Interacting with Locals
Another essential tool any new language is being able to have basic interactions with local people. Things like ordering food, getting directions, asking for particular items, making reservations, etc. While I think many language learning guides mistakenly overemphasize this part of language learning at the beginning stages, it’s still an invaluable way to practice.
I’ve tried to make it a habit to ask a question or probe a little in my everyday interactions with people. This is particularly hard for me because it’s something I don’t do in Canada. I prefer to browse than to ask someone for help, and this feeling is magnified when I’m concerned they won’t understand my request.
However, in the interests of language learning, I’ve decided to push myself in this regard. This is a great way to build practical vocabulary and can give you a chance to test your speaking ability with complete strangers (who haven’t adapted to your accent yet).
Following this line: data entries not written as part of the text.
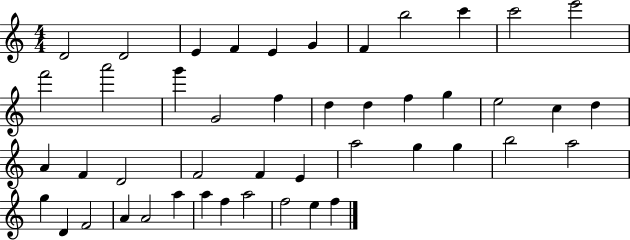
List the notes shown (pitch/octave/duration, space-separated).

D4/h D4/h E4/q F4/q E4/q G4/q F4/q B5/h C6/q C6/h E6/h F6/h A6/h G6/q G4/h F5/q D5/q D5/q F5/q G5/q E5/h C5/q D5/q A4/q F4/q D4/h F4/h F4/q E4/q A5/h G5/q G5/q B5/h A5/h G5/q D4/q F4/h A4/q A4/h A5/q A5/q F5/q A5/h F5/h E5/q F5/q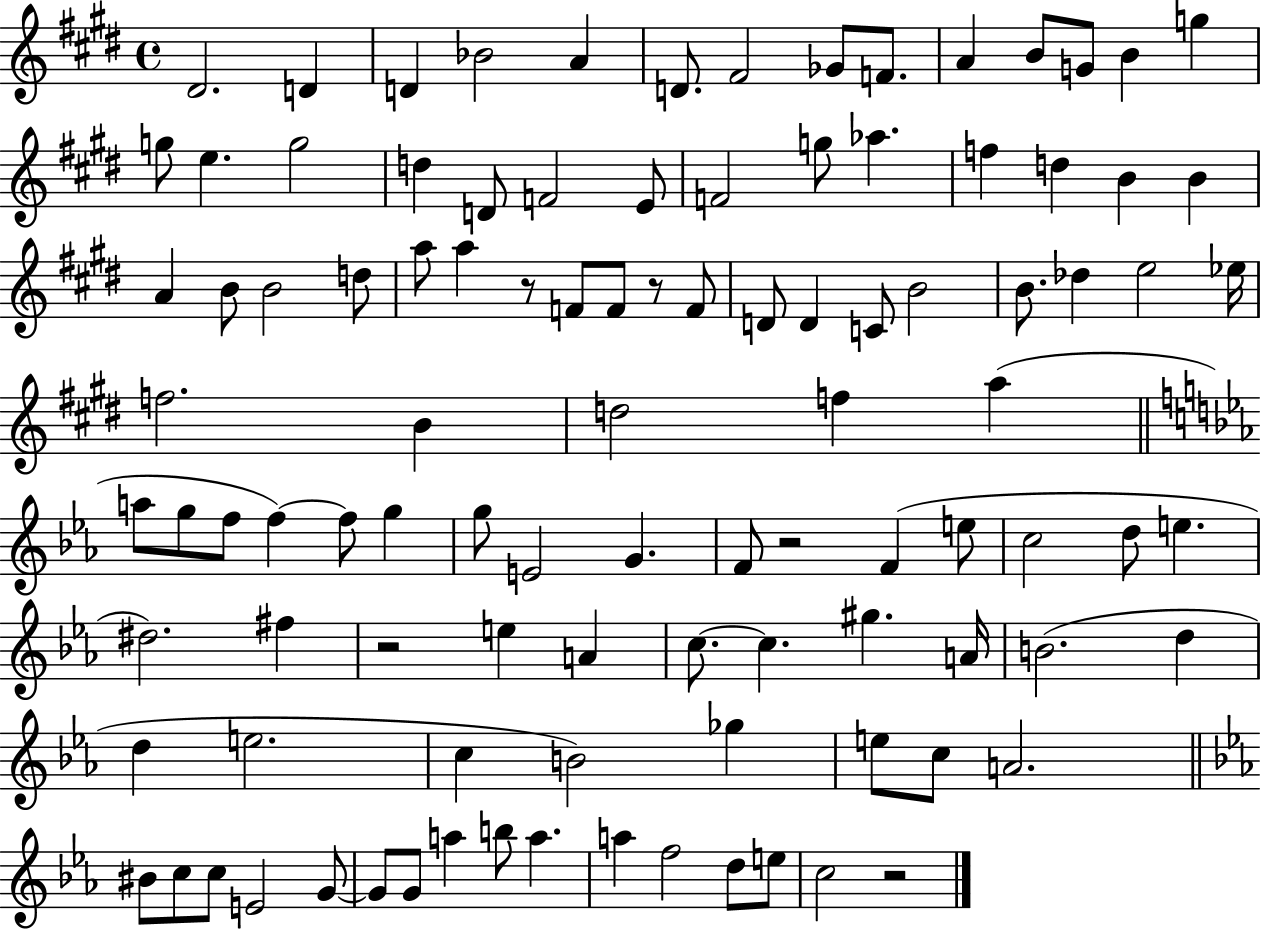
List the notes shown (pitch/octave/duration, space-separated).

D#4/h. D4/q D4/q Bb4/h A4/q D4/e. F#4/h Gb4/e F4/e. A4/q B4/e G4/e B4/q G5/q G5/e E5/q. G5/h D5/q D4/e F4/h E4/e F4/h G5/e Ab5/q. F5/q D5/q B4/q B4/q A4/q B4/e B4/h D5/e A5/e A5/q R/e F4/e F4/e R/e F4/e D4/e D4/q C4/e B4/h B4/e. Db5/q E5/h Eb5/s F5/h. B4/q D5/h F5/q A5/q A5/e G5/e F5/e F5/q F5/e G5/q G5/e E4/h G4/q. F4/e R/h F4/q E5/e C5/h D5/e E5/q. D#5/h. F#5/q R/h E5/q A4/q C5/e. C5/q. G#5/q. A4/s B4/h. D5/q D5/q E5/h. C5/q B4/h Gb5/q E5/e C5/e A4/h. BIS4/e C5/e C5/e E4/h G4/e G4/e G4/e A5/q B5/e A5/q. A5/q F5/h D5/e E5/e C5/h R/h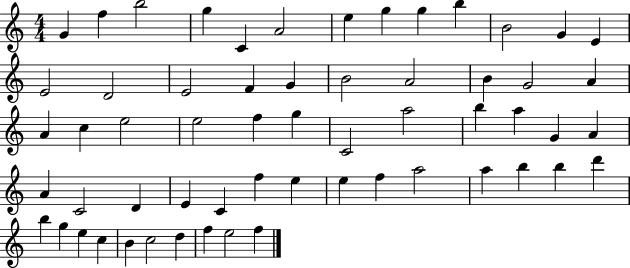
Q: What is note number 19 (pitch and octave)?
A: B4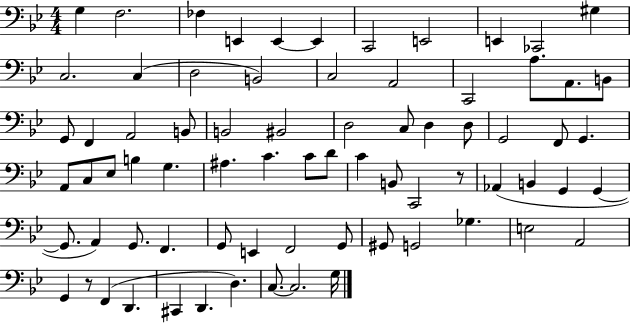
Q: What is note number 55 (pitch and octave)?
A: G2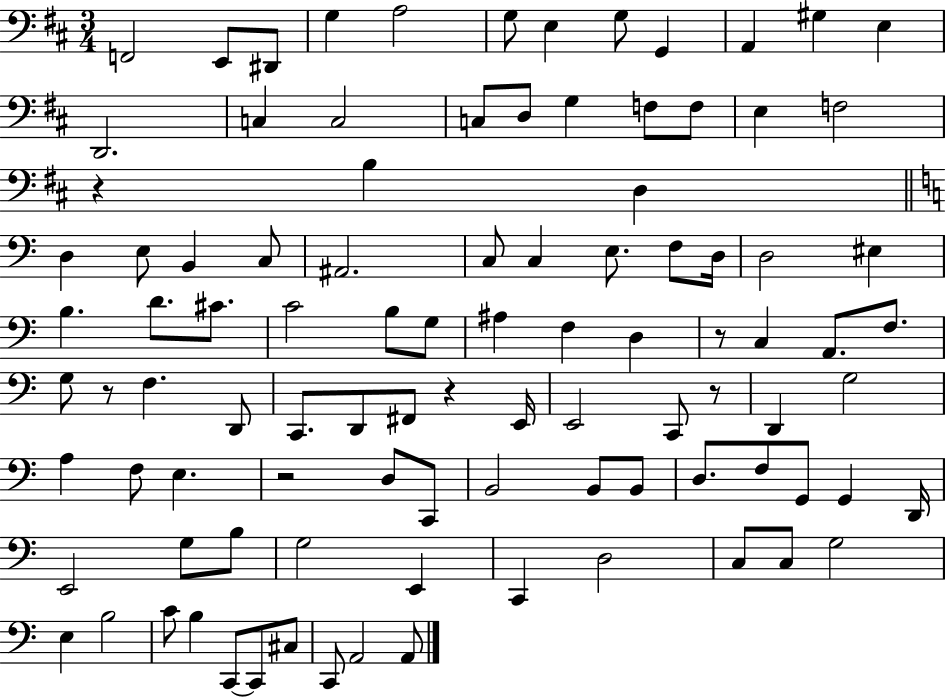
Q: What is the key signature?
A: D major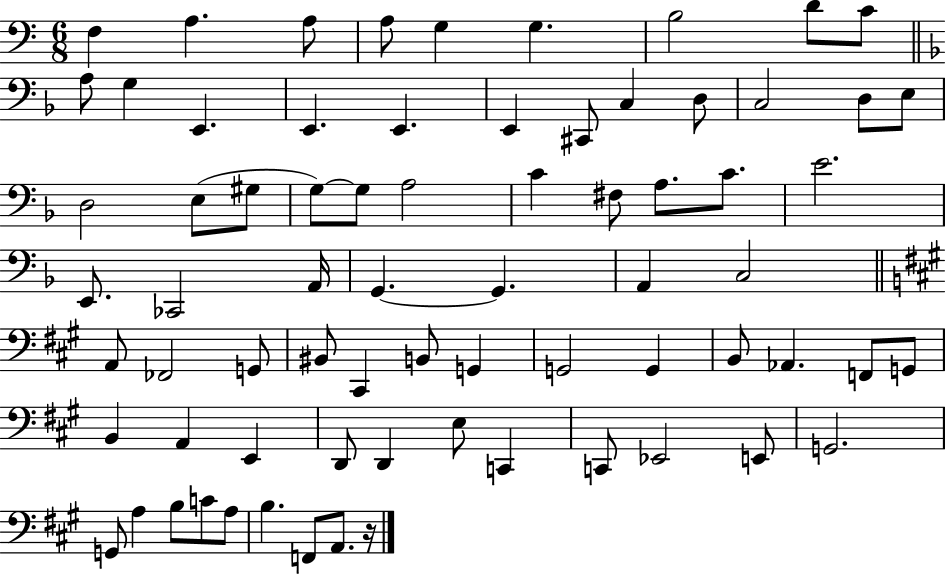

Watching Television and Movies
A third source of immersion is watching television and movies. I’m still at a point where I can’t understand most of the dialog. However, I do pick up words and phrases. More importantly, you get used to a rhythm of speech which filters into your own conversation.
I don’t put much priority on this part of language learning, at my current level, for two reasons. First, the level of real dialog is considerably above my current understanding. While foreseeably, grinding through watching natural dialog for years could create fluency, its hardly the most efficient stage at the beginning. The amount of learned words and phrases is dwarfed by those that you miss entirely.
Second, television and movie dialog tends to be somewhat removed from real speech. This means you learn words, but not necessarily those that are most useful to you. I remember watching some dubbed Star Trek episodes in Spanish and I learned the words tripulación (crew) and alférez (ensign), I can say with certainty I’ve never used these words in a single conversation.
Watching television and movies is probably a better step at an intermediate level, when you want a low-effort way to start picking up lots of lower-frequency words.
Humility and the Lengthy Journey Ahead
Someone once said that learning Chinese was a lesson in humility. While I admit to the difficulties, I still believe I’ll reach my goals in three months.
What I am realizing, however, is how much more Chinese there is to learn. Going from holding one-on-one conversations comfortably to true fluency is a huge task that requires years of exposure. While I feel the same is true with my Spanish, where there is still a lot to learn, China’s vastly different origins means there is still enormous cultural richness I won’t be able to touch in just three months.
I don’t see this as a detraction of Chinese, but as a positive. It means that, even after this trip to China, I’ll have plenty of reason to go back, improve and explore.